Em outras regiões, soldados ouviam o outro lado cantando músicas natalinas e, mesmo sem entender a letra, conheciam a melodia, afinal, “Stille Nacht” em alemão tem a mesma melodia de “Silent Night” em inglês ou “Douce Nuit” em francês, e até nós conseguiríamos reconhecer a música, já que “Noite Feliz” é uma canção universal para celebrar o Natal.

A música muitas vezes servia para quebrar o gelo entre os dois lados e logo ouvia-se um “Feliz Natal” arrastado no seu idioma vindo do outro lado. Daí para a negociação de trégua e a aproximação dos até então inimigos era um pulo. Ou melhor, uma “arrastada” até a trincheira inimiga.

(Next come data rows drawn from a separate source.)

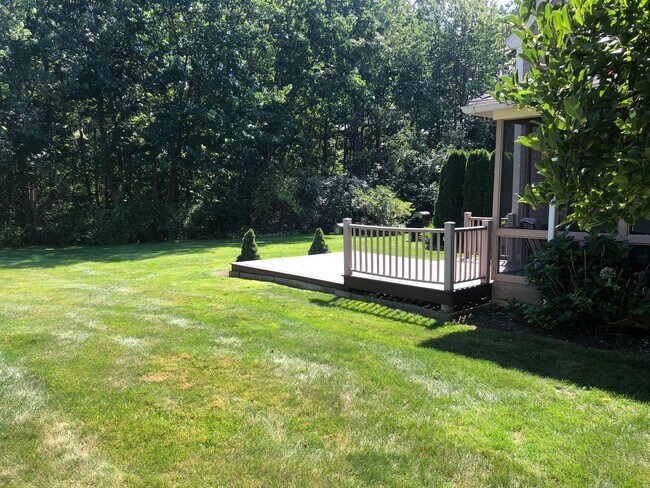 Building Photo - Beautiful 4 Bed/2.5 Bath Condo Available Now in Portsmouth NH |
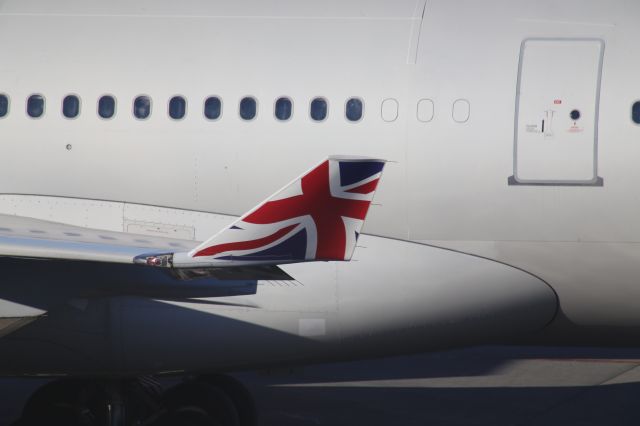 Airbus A340-600 (G-VBLU)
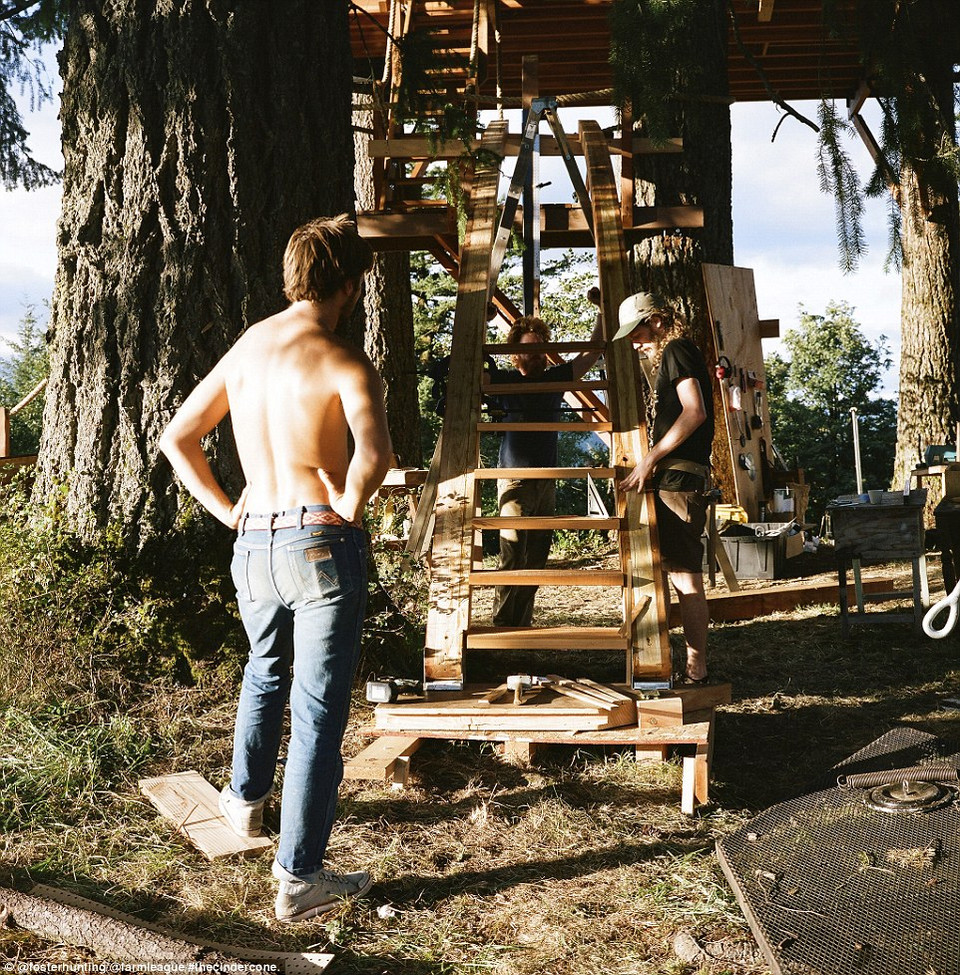 Các bạn của Huntington đã xem xét và đặt tên cây cầu là 'cầu vồng kép,' nối hai phòng trên cây với nhau. (Nguồn: dailymail.co.uk)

Não foram raras as vezes em que os soldados inimigos trocaram presentes como cigarros, sabonetes e vinho. Em algumas regiões eles improvisaram campinhos de futebol e jogaram com o que tinham à mão. Latas vazias de comida, grama, feno ou capim enrolados com panos e amarrados com arame, tudo valia para improvisar uma bola. As traves eram os capacetes ou estacas fincadas na terra. Árvores de Natal também eram improvisadas com galhos secos, velas e laços feitos com panos coloridos.

É até normal entender estas tréguas e demonstrações de humanidade entre os combatentes. Muitos soldados não entendiam ou não aceitavam os reais motivos da guerra, e ficar ali naquela situação fedendo, sentindo fome, frio e medo acabava aproximando os dois lados.

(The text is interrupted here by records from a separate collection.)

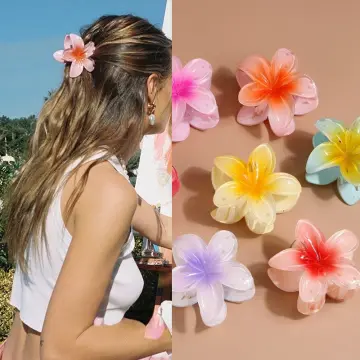 Hawaiian Pua Kenikeni & Spider Lily Hair Clip | HulaFlowers.com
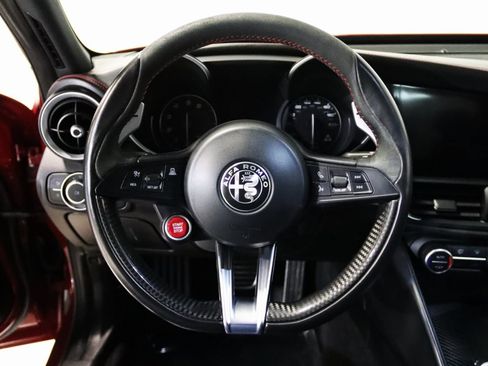 Used 2018 Alfa Romeo Giulia Quadrifoglio w/ Driver Assist Dynamic Package image 47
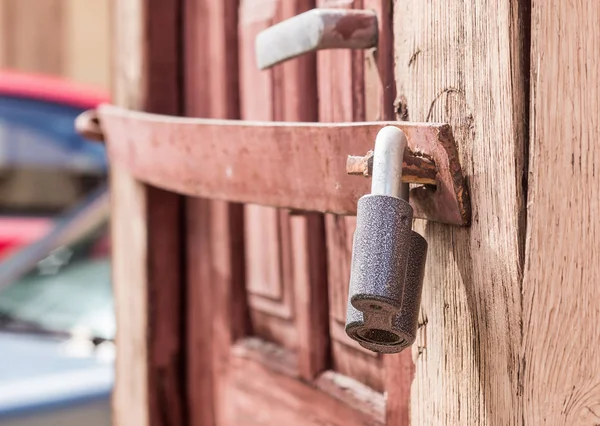 Old Red Door Padlock Close View — Stock Photo, Image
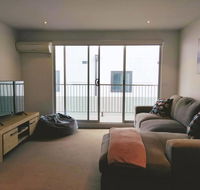 Cosy Modern Apartment in Brunswick - Accommodation 4U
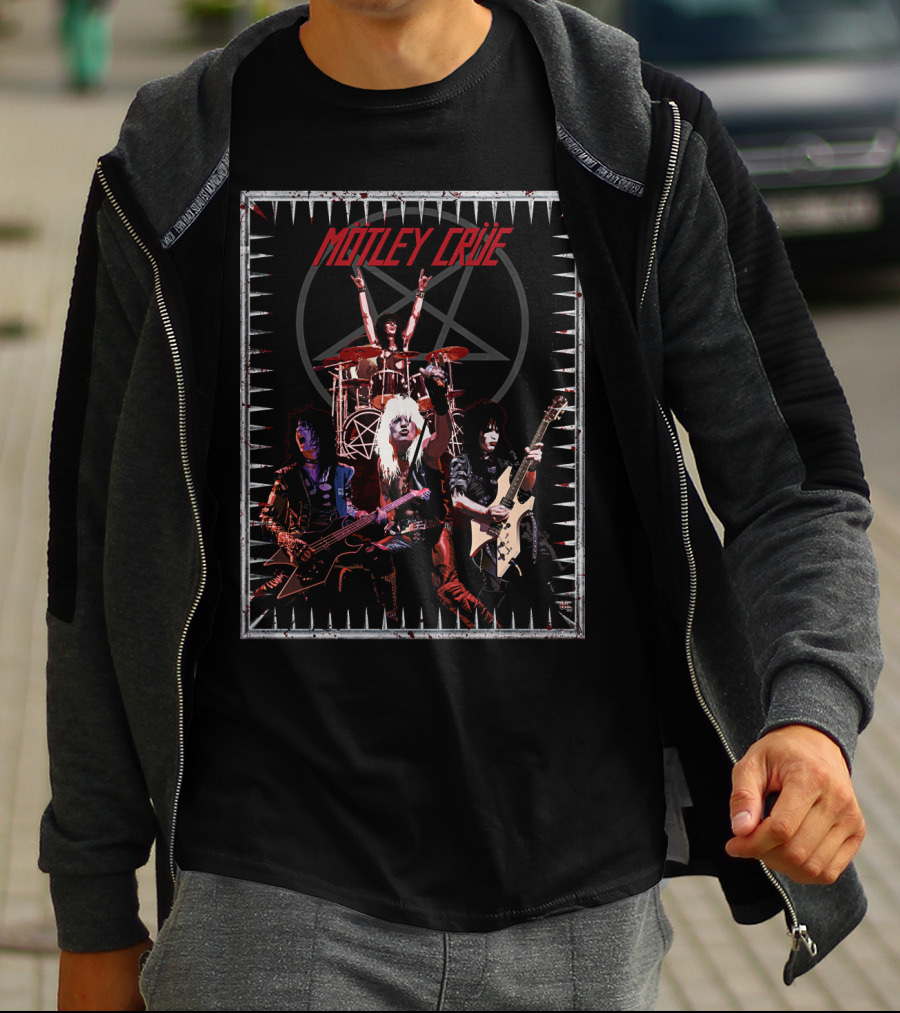Mötley Crüe Band Members With Pentagram T-Shirt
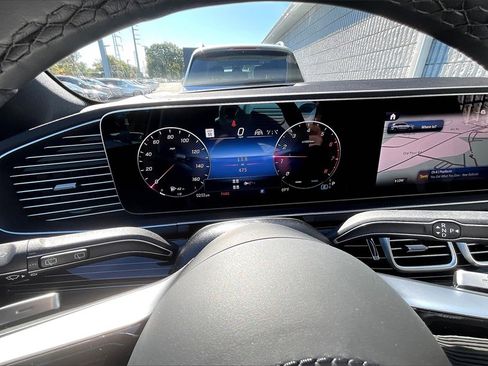 New 2025 Mercedes-Benz GLS 450 4MATIC image 11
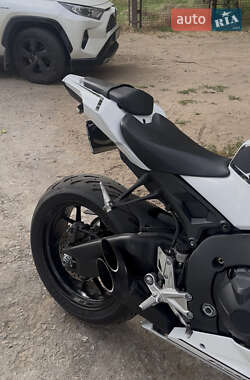Спортбайк Honda CBR 1000RR 2022 в 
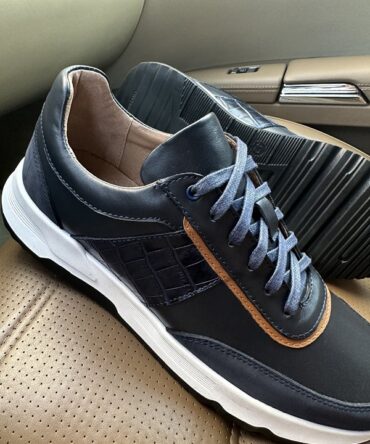 Кросівки шкіряні синього кольору Tim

Enquanto isso, os generais dos dois lados, confortavelmente instalados em suas salas, de frente para uma lareira e bebendo vinho quente, não gostaram destas atitudes de seus subordinados e enviaram ordens proibindo qualquer tipo de trégua sem a expressa autorização do alto-comando.

"Qual deles o senhor vai querer no gol, senhor?"

Não adiantou muita coisa. Em algumas regiões as tréguas e as confraternizações chegaram a durar semanas! Quando os soldados eram pressionados pelos superiores, bastava ir para trás das trincheiras e ficar ali sem fazer nada. Quando muito, davam tiros a esmo, para o alto, sem direção nem alvo.

Muitos franceses e belgas não gostaram destas tréguas, afinal de contas, eles estavam ali defendendo seus países, dentro de suas terras invadidas pelos alemães. Mas de um modo geral até os mais revoltados acabavam cedendo, afinal de contas, aquela era uma guerra idiota (assim como todas as guerras, concordam?).

Um cabo austríaco, em especial, lutando ao lado dos alemães e entrincheirado na Bélgica, reclamou da “humanidade” de seus companheiros que, ao invés de atirarem nos britânicos, estavam trocando presentes e cantando com eles. Teve, em um futuro próximo, sua chance de atirar nos britânicos. Aliás, atirou nos britânicos, nos franceses, nos soviéticos, nos gregos, nos iugoslavos, nos belgas, nos holandeses, nos judeus… e quase destruiu toda a Europa. Para Hitler, nem a comemoração do Natal merecia uma trégua…

A guerra continuou. Apesar da trégua, alguém tinha que sair vencedor do conflito, de preferência causando milhares de baixas do outro lado. E assim foi feito até 1918, com a rendição alemã. Para alguns historiadores, a Primeira Guerra nem teve fim, apenas passou por um intervalo até 1939 quando, historicamente, consideramos o ano como o início da Segunda Guerra.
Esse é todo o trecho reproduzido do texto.